The conflict has turned bitter in recent months, with Facebook founder and CEO Mark Zuckerberg decrying Apple’s decision as a ‘regression where … small business are severely disadvantaged and competition is diminished’. Facebook’s public stance on the matter is one in which it purports to be defending small businesses interests, asserting that its use of personal data and IDFAs has been done for the benefit of both parties.
However, multiple Facebook insiders disagree.
In interviews given to various media outlets, these insiders claim that Facebook’s primary concern is actually the loss of its ability to track ‘view-through conversions’; where an advertiser is told when a user views their advert and does not interact with it initially, but later makes a related purchase. Apple began IDFA tracking in 2012 as a compromise, and its iOS 14.5 update therefore represents one of the largest changes to the advertising industry since its initial implementation.
Mass opt-outs are expected to be the norm, and the industry anticipates that the bulk of the Apple advertising market will effectively dry up overnight.
'We can provide both...'
Whilst Apple view this update as the latest in a series of measures to outline and improve its data collection responsibilities, a spokeswoman from Facebook has claimed that Apple’s new prompt is ‘designed to present a false trade-off between personalised ads and privacy, when in fact we can provide both’.
History would suggest otherwise.
Facebook has found itself on the receiving end of serious criticism for its handling of personal data in recent years, suffering severe reputational damage as a consequence of scandals such as those involving Cambridge Analytica in 2018, and more recently the revelation that the data of 533 million accounts was stolen in a massive data breach in 2019. Despite Facebook’s claims that this data was leaked years ago and has since been secured, analysts have asserted that the information included in the dataset (such as phone numbers, Facebook IDs, locations, and email addresses) can help data brokers to correlate related information into profiles that could trick two-factor authentication. Facebook’s failure to alert its users to the breach constitutes a violation of various privacy-related reporting requirements, including the GDPR. Ireland’s Data Protection Commission (DPC) has already begun its investigation into this failure, and claims to have received ‘no proactive communication from Facebook’.

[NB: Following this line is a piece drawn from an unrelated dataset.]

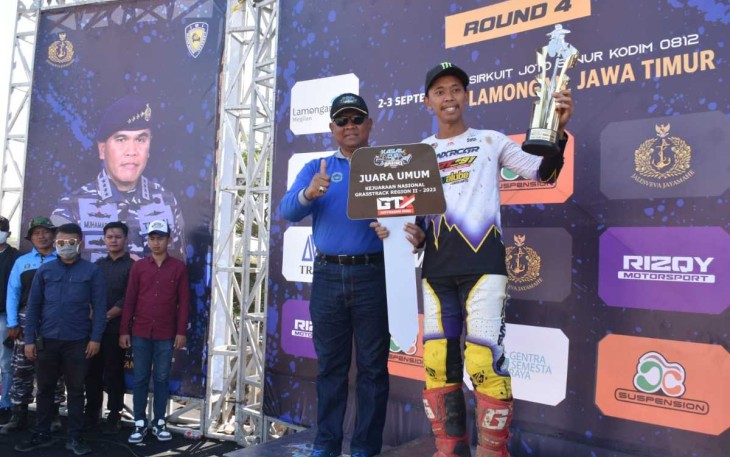 Danlantamal V Laksamana Pertama TNI Eko Wahjono saat memberikan trophy hadiah, Minggu (3/9)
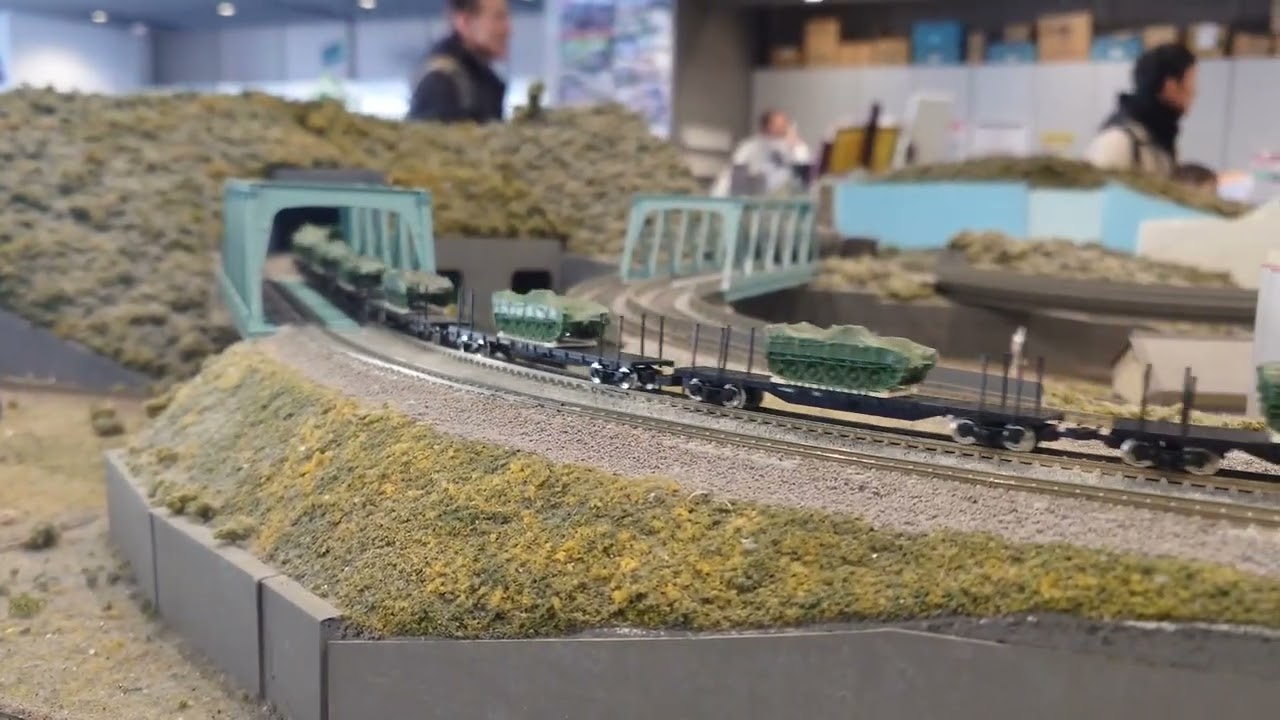 自衛隊機材輸送 73式装甲車 TOMIXチキ 加工品 自衛隊機材輸送 73式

Regulation, Regulation, Regulation
Although Apple’s update can be seen as a positive development for the data subject in regards to transparency, purpose limitation, and data minimisation, they too have come under significant scrutiny by data protection regulatory bodies recently. In March 2021, France Digitale (one of France’s largest technology lobbying organisations) filed a complaint against Apple with the country’s data privacy watchdog CNIL. The complaint alleges that Apple’s privacy changes breached EU regulations, as the users of pre-installed iOS applications are automatically subjected to first-party targeted advertising without being asked for consent.

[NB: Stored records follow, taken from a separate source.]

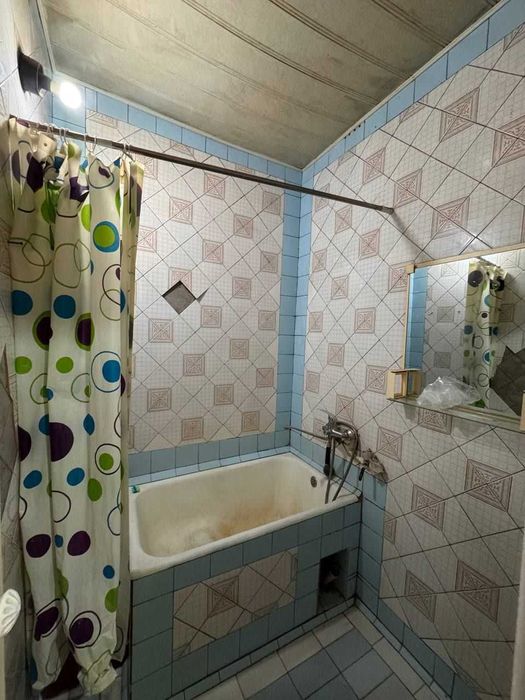 Юнусобод 2 хона 3 этаж сотилади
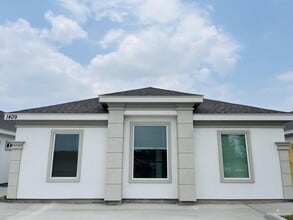 Building Photo - 10 Shavano Dr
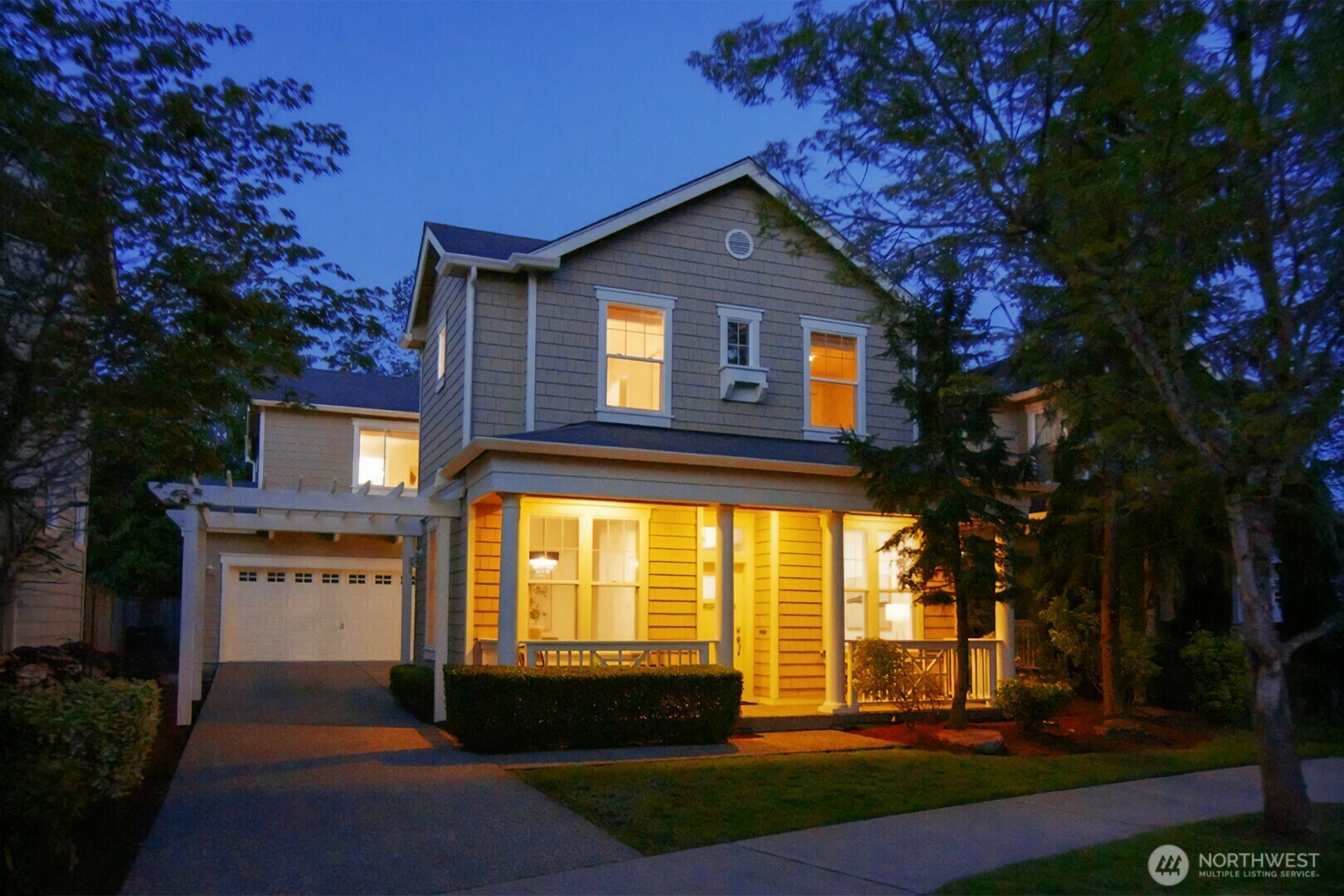 Property Photo: 11846 173rd Place NE WA 98052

The complaint has been passed to the Irish DPC, but there remains the possibility that the CNIL could rule that Apple has violated the EU’s ePrivacy Directive rather than the EU GDPR. This would not be the first occasion that the CNIL has had to deal with Big Tech non-compliance. In December 2020, the CNIL decided to levy fines of €135 million on Google and Amazon’s European bodies for violating regulations in regards to cookies.
What therefore emerges is a trend of increased scrutiny of Big Tech companies and practices by a growing body of regulatory authorities and legislation, and who are now having to question the consequences rather than purely the limitations of their data processing activities.

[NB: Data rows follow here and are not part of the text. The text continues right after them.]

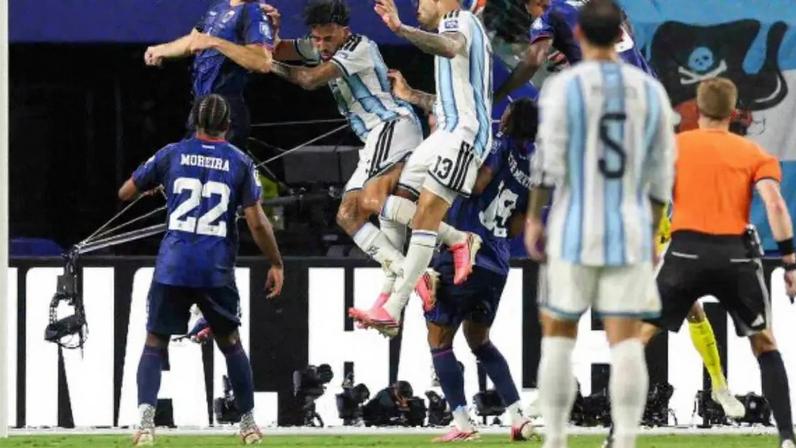 Argentina sua sangue. Mas elimina Cabo Verde em jogo histórico.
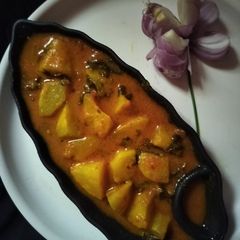 A picture of Shalgam (turnip)curry in kashmiri style.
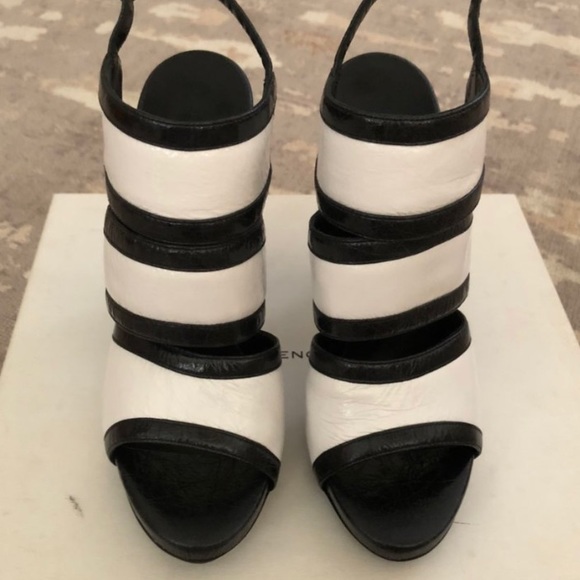 Balenciaga Shoes - Picture 2 of 3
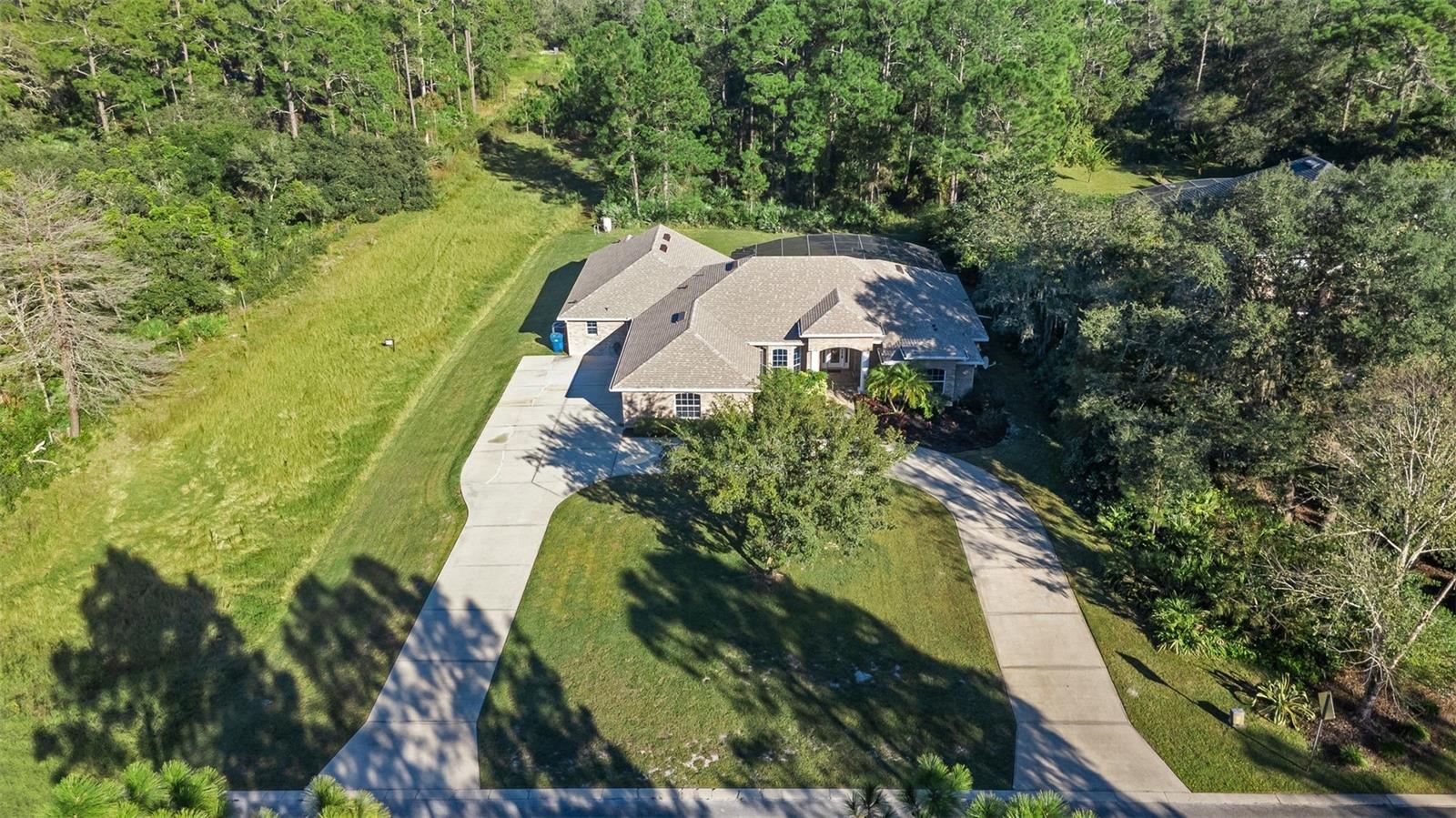 Image 2 of 43 For 2666 Winnemissett Oaks Drive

Facebook knows that it’s been fighting a losing battle. Despite the ad campaigns, senior leadership’s vocal displeasure, and various filed complaints, iOS 14.5 will be released.
As Apple undertakes its rollout of the update, the public’s knowledge of data processing responsibilities and their own rights as data subjects is likely to only increase. Whilst Facebook and others may be playing ‘catch-up’, Apple’s radical changes should be seen as an attempt to pre-empt this and avoid being caught out and fined. More open and consistent scrutiny of these practices will also likely stem from this discourse as regulatory bodies develop the necessary legislation and precedents.
How the public and Big Tech will react to this new stage of data subject power will likely set a new precedent for the data privacy landscape itself.